§ Extracted material
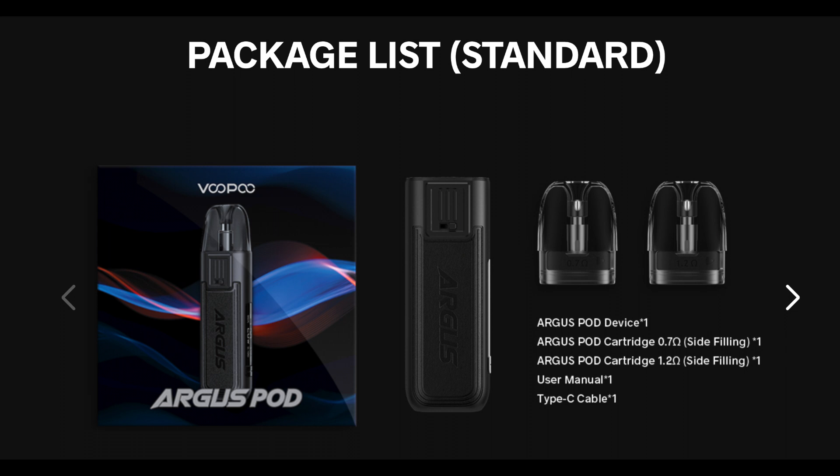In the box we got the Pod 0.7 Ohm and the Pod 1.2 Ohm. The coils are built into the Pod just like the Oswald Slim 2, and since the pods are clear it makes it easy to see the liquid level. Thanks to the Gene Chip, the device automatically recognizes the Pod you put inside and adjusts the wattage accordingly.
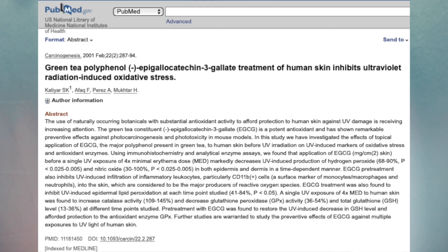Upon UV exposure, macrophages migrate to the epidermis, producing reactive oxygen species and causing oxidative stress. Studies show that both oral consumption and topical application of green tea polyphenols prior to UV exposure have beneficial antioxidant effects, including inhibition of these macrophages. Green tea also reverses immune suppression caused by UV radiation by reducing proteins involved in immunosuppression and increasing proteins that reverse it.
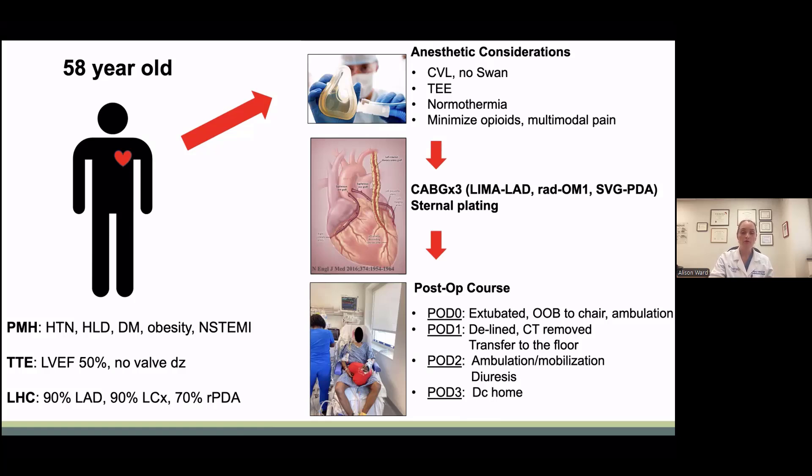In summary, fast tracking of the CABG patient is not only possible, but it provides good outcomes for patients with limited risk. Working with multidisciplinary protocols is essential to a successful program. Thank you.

* * *

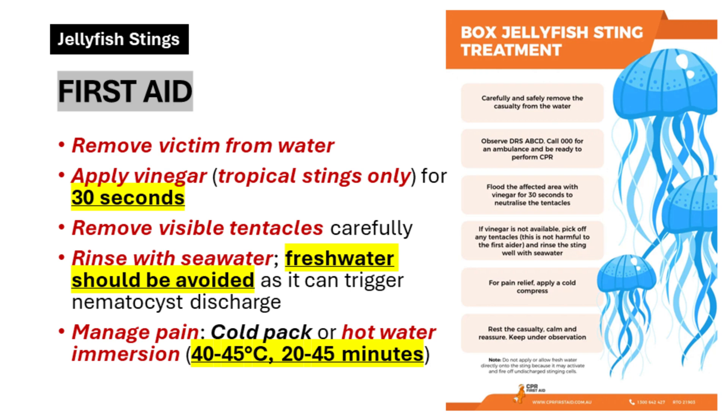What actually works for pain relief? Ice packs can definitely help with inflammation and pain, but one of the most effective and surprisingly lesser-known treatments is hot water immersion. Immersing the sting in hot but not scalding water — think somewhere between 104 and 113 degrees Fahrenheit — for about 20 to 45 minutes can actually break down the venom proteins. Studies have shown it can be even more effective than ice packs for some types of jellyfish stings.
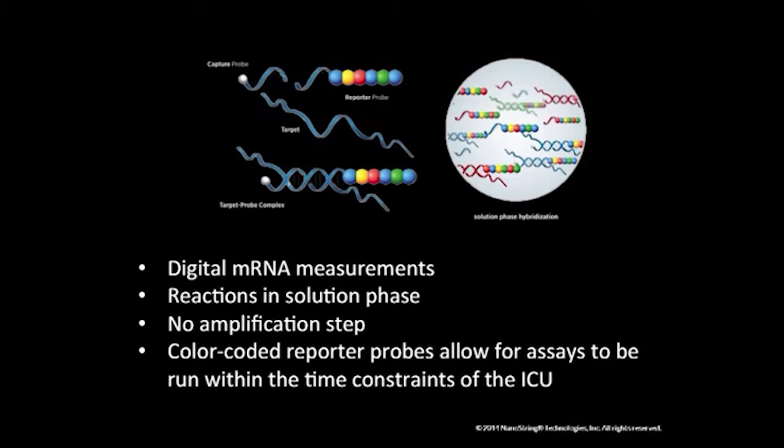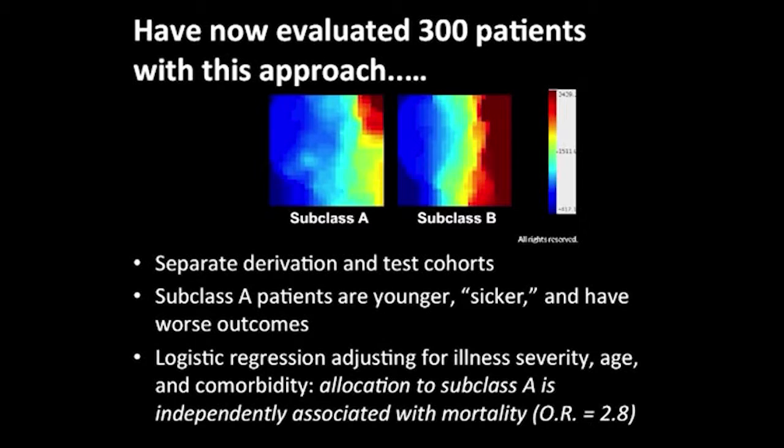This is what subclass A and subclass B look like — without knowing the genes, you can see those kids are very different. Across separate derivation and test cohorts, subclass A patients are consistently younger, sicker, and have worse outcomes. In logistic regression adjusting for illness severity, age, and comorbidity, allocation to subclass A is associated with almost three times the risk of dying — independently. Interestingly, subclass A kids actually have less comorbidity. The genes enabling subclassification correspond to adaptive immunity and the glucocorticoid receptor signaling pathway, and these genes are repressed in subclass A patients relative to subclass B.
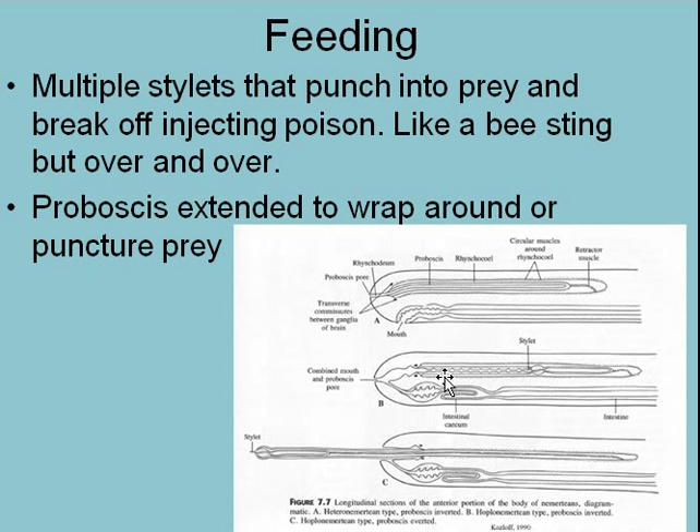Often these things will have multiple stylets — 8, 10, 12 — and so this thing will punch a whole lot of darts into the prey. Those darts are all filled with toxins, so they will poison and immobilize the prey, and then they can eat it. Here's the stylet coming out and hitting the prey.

§ Required work
Each line between the one holding "In the box we" and the one holding "In summary, fast", inclusive, should be copied exactly as it appears above, and pictures should be omitted.

§ Exercise response
In the box we got the Pod 0.7 Ohm and the Pod 1.2 Ohm. The coils are built into the Pod just like the Oswald Slim 2, and since the pods are clear it makes it easy to see the liquid level. Thanks to the Gene Chip, the device automatically recognizes the Pod you put inside and adjusts the wattage accordingly.
Upon UV exposure, macrophages migrate to the epidermis, producing reactive oxygen species and causing oxidative stress. Studies show that both oral consumption and topical application of green tea polyphenols prior to UV exposure have beneficial antioxidant effects, including inhibition of these macrophages. Green tea also reverses immune suppression caused by UV radiation by reducing proteins involved in immunosuppression and increasing proteins that reverse it.
In summary, fast tracking of the CABG patient is not only possible, but it provides good outcomes for patients with limited risk. Working with multidisciplinary protocols is essential to a successful program. Thank you.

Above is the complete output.